Queues - Is Infinity all right?

A

Anand Pillai

The standard Python Queue module, allows to generate queues that
have no size limit, by passing the size argument as <= 0.

q = Queue(0)

In a multithreaded application, these queues could be useful
when you have many threads using the queue for data access
and synchronization.

Is there a performance hit when one uses an 'infinite' queue
when compared to a queue of fixed size?

Of course it should depend upon the O(n) of the Queue data structure,
how the time of access (get/put) varies with the number of items in
it.

I would like to have some light on this.

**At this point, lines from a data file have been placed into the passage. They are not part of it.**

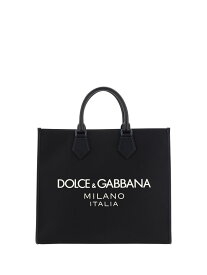 【本日5の付く日ポイント4倍!!】 DOLCE&GABBANA ドルチェ&ガッバーナ トートバッグ メンズ 春夏2024 BM2271AG182_8B956 【関税・送料無料】【ラッピング無料】 ia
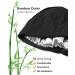 Satin Lined Halo Turban Set for Men - X-Large Black & Dark Heather Grey - Buy Online on SooperMarket.com
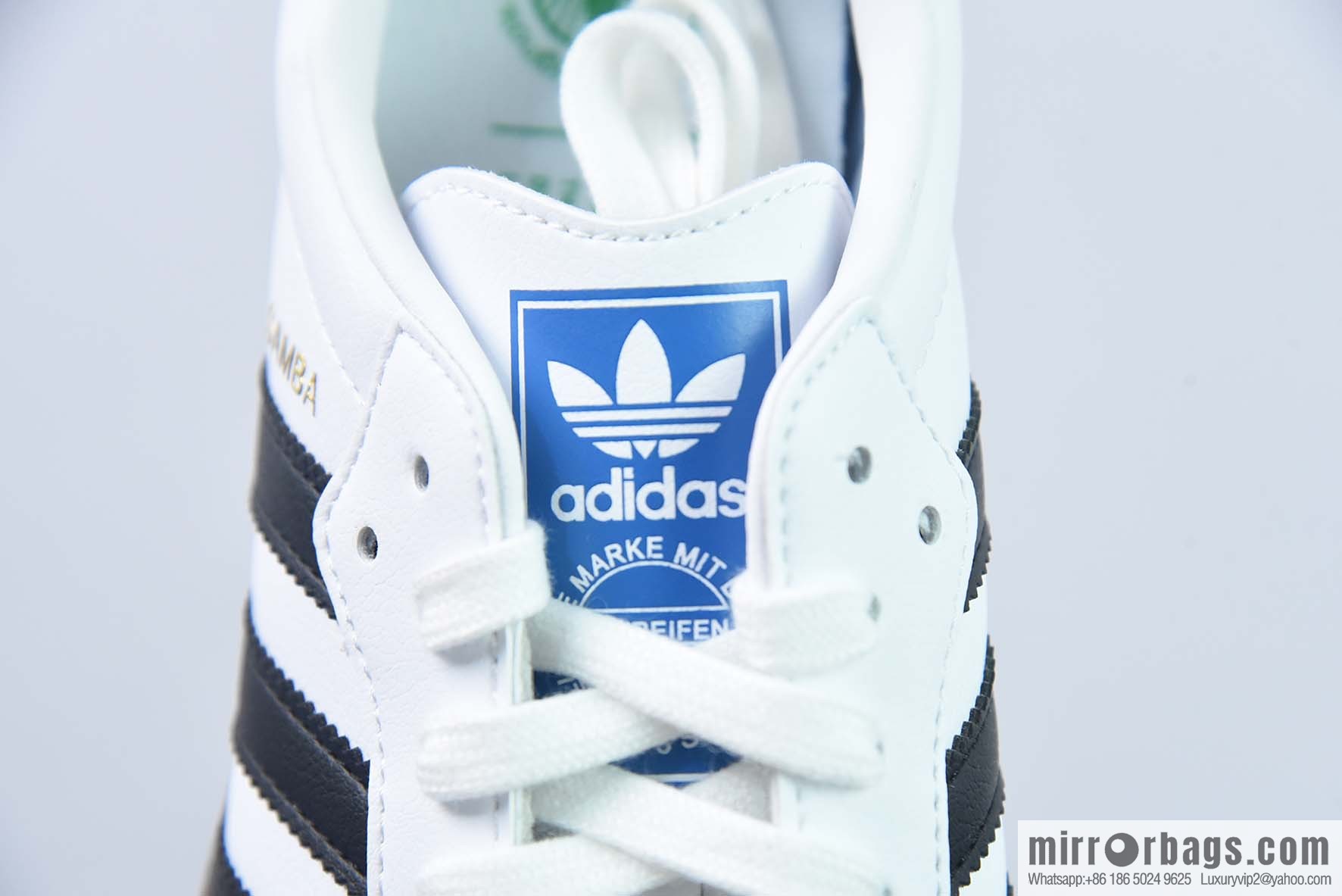 AD Original Samba OG Vintage classic lightweight shoes, item number: H01877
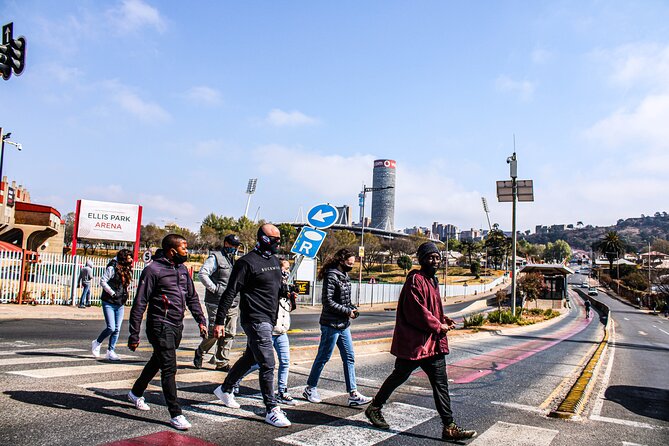 Johannesburg: Downtown Walking Tour Including Ponte City building - From Maboneng to Newtown, four sides of downtown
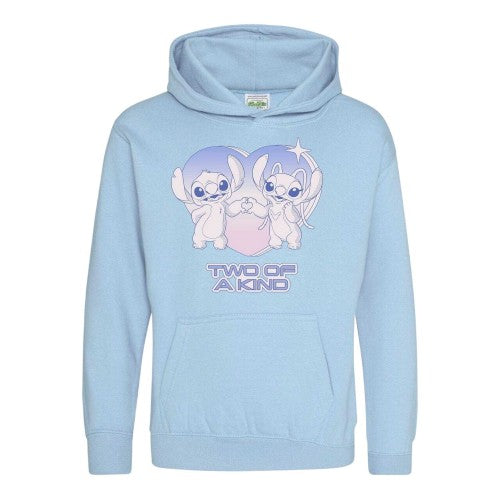 Front - Lilo & Stitch Childrens/Kids Two Of A Kind Hoodie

Is it constant, O(n) or
a higher order?

Thanks

-Anand
 
P

Peter Hansen

Anand said:
The standard Python Queue module, allows to generate queues that
have no size limit, by passing the size argument as <= 0.

q = Queue(0)

In a multithreaded application, these queues could be useful
when you have many threads using the queue for data access
and synchronization.

Is there a performance hit when one uses an 'infinite' queue
when compared to a queue of fixed size?

Of course it should depend upon the O(n) of the Queue data structure,
how the time of access (get/put) varies with the number of items in
it.

I would like to have some light on this. Is it constant, O(n) or
a higher order?

Checking the source, Queue is implemented as a sophisticated wrapper
around a standard Python list []. That means adding an item is
amortized O(1), while removing one is O(n).

That said, I'd consider using a fixed queue only when I was greatly
concerned about whether my consumer thread was going to be able to
keep up with my producer thread(s), and was therefore concerned about
overflowing memory with unconsumed input.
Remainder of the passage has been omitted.